By the time Tillet reached his mid-40s, his health began to decline, as a result of his acromegaly. He was no longer a big draw on the wrestling circuit, but he was a recognizable face around Chicago. In 1949, a Tribune sportswriter spotted Tillet in Mike Fritzel’s cafe at State and Lake streets. The columnist described him as “an apelike creature whose face was so out of focus it could have escaped from the Fritzel television set,” but then went on to call him “a gentle soul who only makes like Boris Karloff for wrestling wages. Formerly a school teacher in France, Tillet has a mind which soars to the higher planes, leaving his face on a Cro-Magnon cave floor. He is highly sensitive and has been known to shed the same sympathetic tears over a dying Marguerite in Faust as he does over cauliflowering an opponent’s ear.”
In 1950, Louis Linck, a sculptor who, like Tillet, had emigrated to Chicago from France, fashioned the bust now on display at the Museum of Surgical Science, dedicating it to “my old friend, Maurice (The Angel) Tillet.” (Linck also worked on many of the sculptures in the museum’s Hall of Immortals, including Hippocrates, Joseph Lister, Marie Curie, and Wilhelm Rontgen.)

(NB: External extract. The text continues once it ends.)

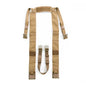 H Harness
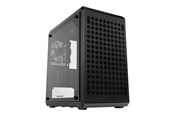 Gehäuse - Cooler Master Q300L V2 - MT - micro ATX - Gehäuse - Tower - Schwarz - Q300LV2-KGNN-S00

Pojello died of lung cancer in 1954. Tillet, whose acromegaly had enlarged his heart, suffered a heart attack after learning of his manager’s death. The two men are buried together in the Lithuanian National Cemetery in Justice, under a marker inscribed “Friends Whom Even Death Couldn’t Part.” Tillet’s face appears on the tombstone.
Tillet’s face may still live on after his death, too. The story goes that animators from the DreamWorks studio saw his death mask at the York Barbell Museum in Pennsylvania, and used it as the inspiration for Shrek. There certainly is a resemblance: the oversized head, the broad nose, the wide mouth. If that story is true, Tillet’s looks finally did make him a movie star.